Don't neglect your career when you have kids.
When we become parents, we experience a huge energy transference. We shift our energy to whoever or whatever needs it most and let the parts of our lives that are under control simmer in maintenance mode.
For many of us, that means soothing crying babies and making sure junior passes algebra and gets to soccer on time takes precedence over professional development. It's natural, but if you want to keep moving forward in your career—whether that means getting a raise, a promotion, a dream job or even returning to work after a few years taking care of children—you'll need to keep your skills sharp. In short, you need to keep learning.
It will pay off.
London-based consulting firm Willis Towers Watson's annual salary survey of 967 companies found that higher-performing employees received larger raises last year than those who were rated just average. High-achievers got a 4.6 percent raise, vs. 2.6 percent for middling workers and 1 percent for below-average employees. Blanket annual raises—where everyone gets the same amount—aren't automatic like they used to be.
Who is considered high performing? It's the employees who are up-to-date on new technology (even if they don't work for a tech firm), who show initiative and are good learners, meaning they can master new concepts quickly, according to employer surveys by LinkedIn.
AT&T Chairman, CEO and President Randall Stephenson summed it up when he said this to the New York Times in 2016: “There is a need to retool yourself, and you should not expect to stop.” Unless you're spending five to 10 hours a week in online learning, you'll become “obsolete.”
Keeping skills current and learning new ones must be on your to-do list, even if you're (temporarily) a stay-at-home parent. The good news is you don't have to go broke to go back to school. Heck, you don't even have to set foot in a classroom. There are affordable, flexible ways to learn new skills and tune up old ones without breaking the bank.
Check Those Benefits
Your first stop should be your company's human resources office. Many employers reimburse workers for the costs of continuing education and college courses they take and pass.
The requirements for each program vary by employer. For example, some reimburse you after the class, others pay before. Some pay for books, some don't. Some limit the number of classes an employee can take in a year. The only way to be sure what's available is to ask. I know several people who've used employer benefits to earn bachelor's and master's degrees.
Think Beyond Credits
If you aren't employed, your company doesn't offer continuing education benefits or you just want to try something new, there are plenty of free and low-cost resources available.
Coursera.org partners with universities such as Johns Hopkins, Ohio State and Stanford to offer online courses, certificate programs and degrees via video lectures, discussion forums and hands-on assignments. Topics cover everything from abstract painting technique to computer programming. Some courses are free, others cost $29 to $99 and span four to six weeks. Participants who complete a course can opt to receive an e-certificate to prove it.
EdX.org is an online learning site founded by Harvard University and MIT. It offers free and paid courses covering such topics as waste management, Python and Linux programming, foreign languages and more.
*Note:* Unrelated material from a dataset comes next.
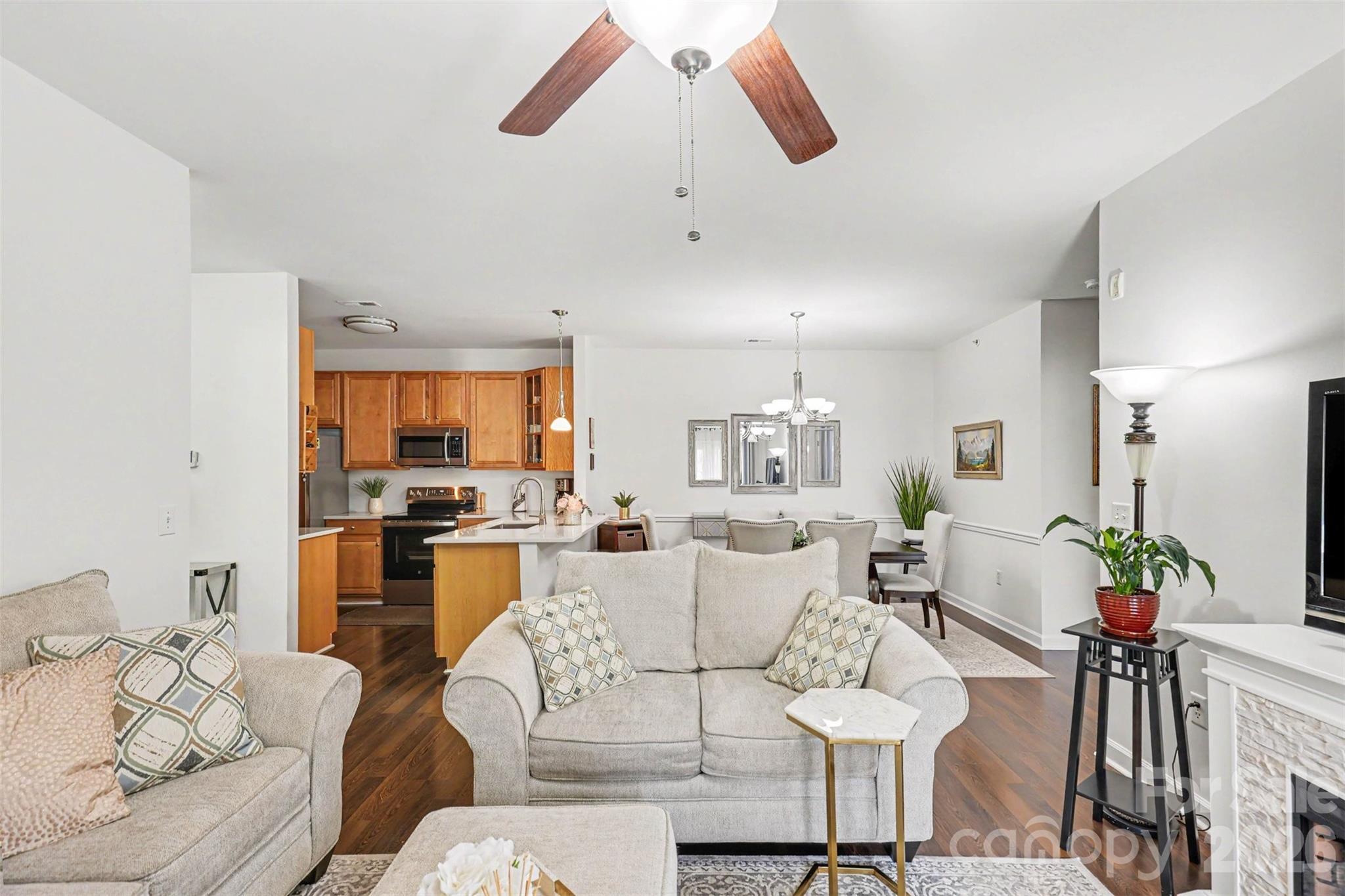 11855 Ridgeway Park Drive — Charlotte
Prices vary by class and host school. Courses are categorized based on the level of specialization. Students can take one class, a series of classes to obtain a professional certification or courses that count toward a master's degree.
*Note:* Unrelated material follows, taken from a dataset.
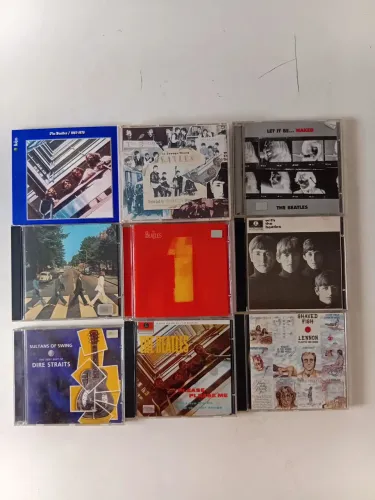 Lote de cds originais e importados dos  Beatles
Of course, these aren't the only available options. Sites such as Lynda.com, TeamTreehouse.com and others offer computer and professional development courses. And as hokey as it seems, it's worth noting that you can do more on YouTube than watch cat videos. This site also is home to tutorials on art techniques, foreign languages, building computers and brushing up on software such as Photoshop or Excel—all for free.
Don't forget the more traditional schooling options. Numerous Central Ohio colleges and universities offer degree programs and continuing education for working adults.
For example, Columbus State Community College and Ohio University offer online courses through Ed2Go, in everything from graphic design to grant writing. Columbus State also offers computer and software certification programs in conjunction with Protrain. More colleges are offering web-only for-credit courses as well, although the requirements to take and complete them vary by school.